John Walker blasts Frank Tipler, this is from over a decade ago, but still. I think Walker is a bit harsh but I know where he's coming from. Guilio Prisco remarked on this blog that even if Tipler is wrong about his particular theory, he might actually have the general outline of an idea that really could come to pass, just like Leonardo da Vinci's flying machine sketches couldn't actually fly.

Danila Medvedev posts on how transhumanism might be a worldview for a small intellectual elite. Dale Carrico echoes this sentiment, but takes it much further, waxing critical about transhumanists and the word "transhumanism". I strongly disagree with many of his arguments. I think we might as well make as much noise under the banner "transhumanism" as we can, and toss it around proudly, and counterattack people when they attack us, without trying to dilute ourselves into the politically safe world of roundabout rhetoric. Anne C. does a podcast on how transhumanism is more of an attitude than a club.

Son of the late cybernetics pioneer J.F. Young, Simon Young is running Google ads for his website and book, which he calls "a transhumanist manifesto". I hadn't heard of it before - anyone here read the book?

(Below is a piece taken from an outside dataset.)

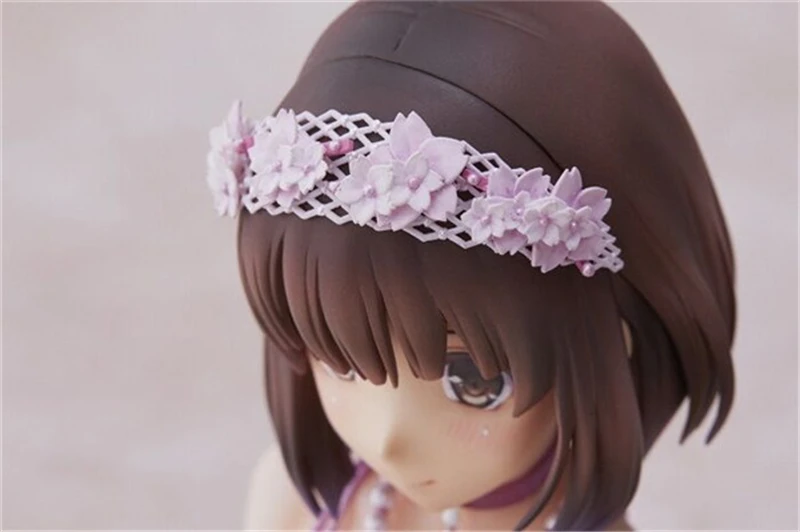 10302776512_2064383313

PBS has some SL1 futurist series happening. Its nice to see the potential for living forever idea coming to the forefront of mainstream futurist bleatings. And that no one cares about extraterrestrials anymore. 22nd century? So lame. Exponential progress will give us the fruits of the 22nd century in the early 21st. Anyone who thinks otherwise falls prey to the linear progress fallacy.

Brian Wang explains why the recent World Futurist Society predictions are wrong. Not to say that they're anti-transhumanist - they're extremely pro-transhumanist. Basically, some of the futurists there are just pulling speculations out of places that shouldn't be spoken of. They are talking about DNA computing when it was just acknowledged that DNA computers are too weak to compete with other post-silicon architectures, for example. The WFS is getting more and more nanotechy and transhumanistic - they should boost their standards to that of the best transhumanist futurists, who don't talk about things they don't understand, in contrast to this basic science error-filled futurist speculation.

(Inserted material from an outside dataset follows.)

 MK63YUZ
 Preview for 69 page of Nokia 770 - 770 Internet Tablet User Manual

Discover has a piece on existential risk. Meh. I've started to dislike lists of threats, generally more than half of them are of negligible risk, and the numerosity of these lists distracts people from focusing on threats that truly are likely to kill them in a decade or two.

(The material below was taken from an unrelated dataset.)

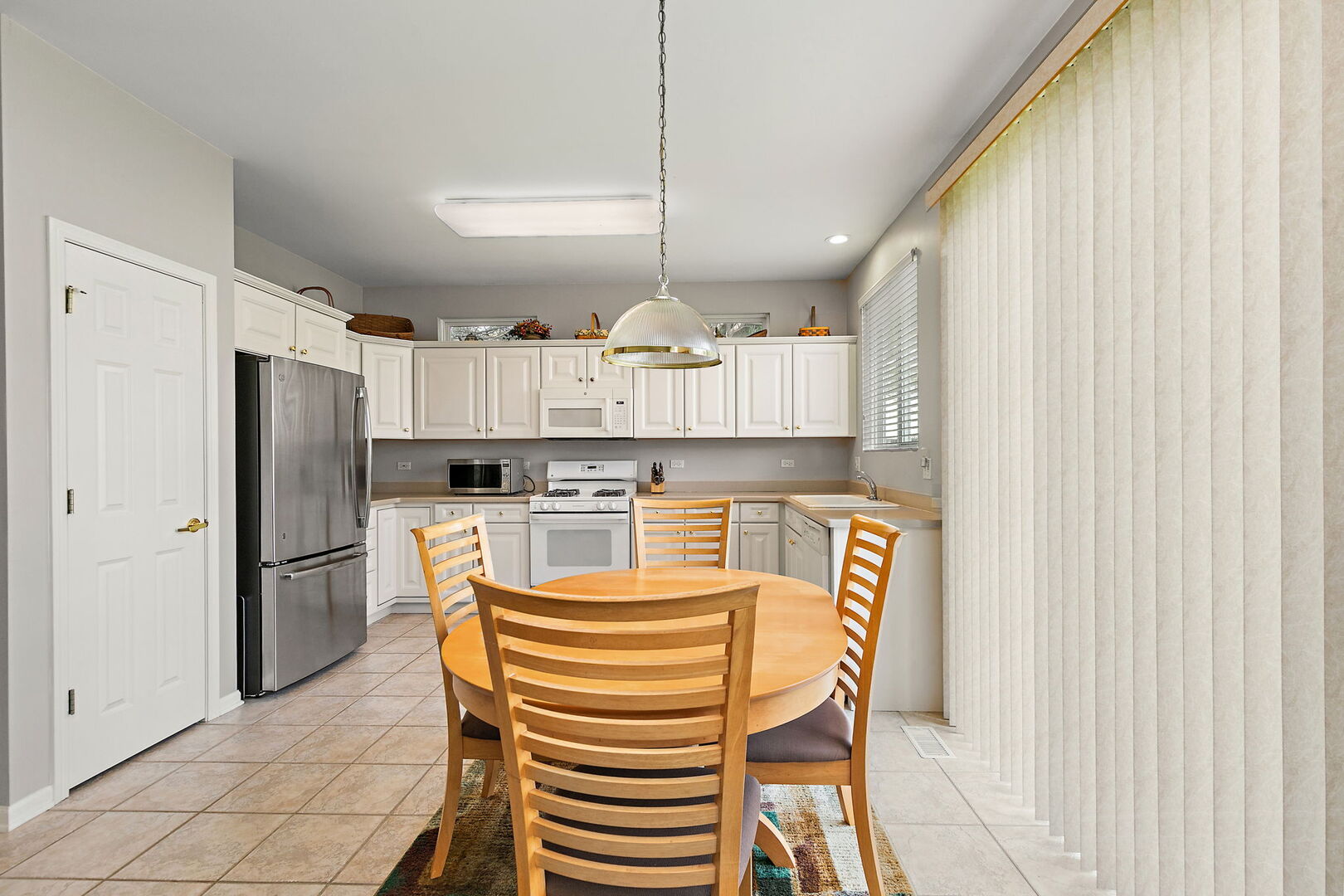 13060 W COVENTRY Lane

J. Storrs Hall's aircar proposal. This is old, but good. Dr. Hall is currently working on a book on AI. I will probably disagree with a lot said in it, but I loved his recent book Nanofuture.

A space settlement art gallery.

George Dvorsky is on TV in Canada either tonight or tomorrow. We have to make sure that his piece makes it to YouTube. You should also read his "must-know terms for today's intelligensia".

Al Fin's blog is looking really good nowadays.

Greg Cochran steps out strongly in favor of economically explosive self-replicating manufacturing, a technology that people like the Institute for the Future seem utterly clueless about, or think it won't happen for 100 years. Cochran - I love this guy. He writes, "Hardly anyone seems to realize it, but we're on the threshold of an era of unbelievable abundance." Why are we worried about global warming when within 20 years it will be beyond simple to mass manufacture rockets and send up sunshields into space? Why do we care about Country X or Country Y when in the near future, the country that obtains nanotech will inherit the earth?

Look at the size of this MP3 player! Holy, holy crap!

The folks down at Sandia Labs are melting diamond into puddles. Could this be a step to unlocking the power of nuclear fusion using the Z machine?